A Watermark for Vision-Language-Action and World Action Models
2026-06-22 • Cryptography and Security
Cryptography and SecurityRobotics
AI summaryⓘ
The authors developed a method to secretly mark robot control models that turn camera input into actions, so owners can prove which model is theirs without changing how the robot behaves. They do this by replacing random noise used inside the model with a special keyed noise that looks normal but serves as a hidden signature. Later, by observing the robot's actions, the owner can recover this key and confirm if the model is theirs, even if someone tries to hide or alter the model. Tests show their method reliably detects the fingerprint without hurting performance and resists common ways to remove it.

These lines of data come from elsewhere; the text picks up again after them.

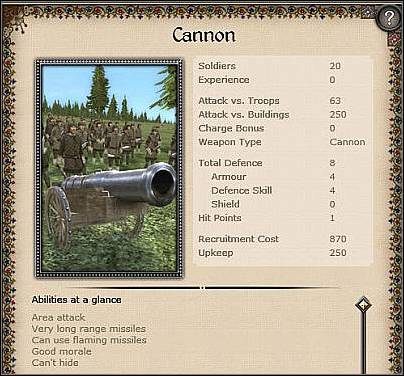 Basilisk ( 204,5 ) - Najpotężniejsze z dostępnych dział - Ruś - Zamek (3) | Nacje w Medieval II Total War - Medieval II: Total War - poradnik do gry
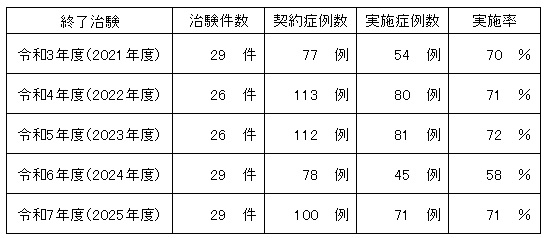 治験実施率(終了治験)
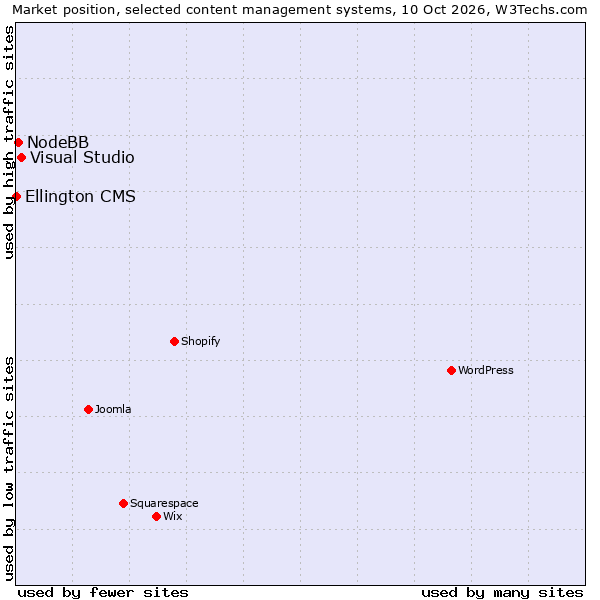 Market position of Visual Studio vs. NodeBB vs. Ellington CMS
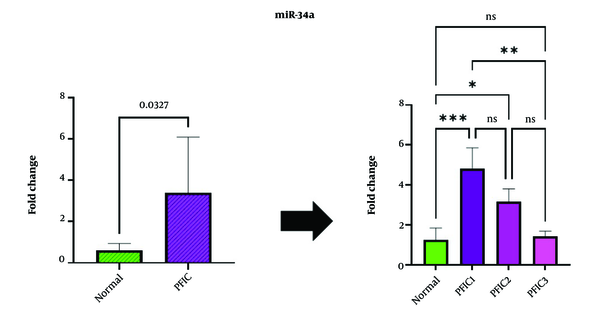 Expression of miR-34a in Children with Progressive Familial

Vision-language-action modelsWorld-action modelsFingerprintingGaussian noise seedRobot controlMaximum a posteriori optimizationModel verificationBlack-box serviceWatermarkingAdversarial attacks
Authors
Yule Liu, Shuai Liu, Jiaheng Wei, Xinlei He
Abstract
Vision-language-action (VLA) models and world-action models (WAM) are the generative models now driving general-purpose robot control, turning raw camera input directly into motor commands. They are increasingly deployed as black-box services, where a partner runs the policy through an interface while the owner keeps the weights private. Training such a model takes proprietary data and heavy computational power, making the deployed model itself a valuable intellectual property. To address this, we propose the \emph{keyed latent-provenance verification} method, which fingerprints the policy through the seed of the Gaussian noise vector that the models draw before generation. At the injection stage, the owner swaps this seed for a keyed one with the same distribution as ordinary noise, so the fingerprinted actions are statistically identical to those of an ordinary run and an adversary watching the output finds no signal to detect or remove. At the verification stage, the owner runs the suspect model under authorized access and records the action channels the robot executes, a partial and possibly post-processed view of the policy's output. From this view, the verifier recovers the seed by gradient-based maximum a posteriori (MAP) optimization, tests it for the secret key to score each rollout, and aggregates these scores into a single decision on whether the suspect model belongs to the owner. We evaluate the method on two representative models across two robot suites. The experiments cover detection of the fingerprint, identification of which of several keys a suspect carries, robustness to a range of attacks, and an analysis of why the design works. Across both models, the fingerprint can be detected reliably with little change to task performance, and it remains detectable under output-side removal attacks and weight-level edits.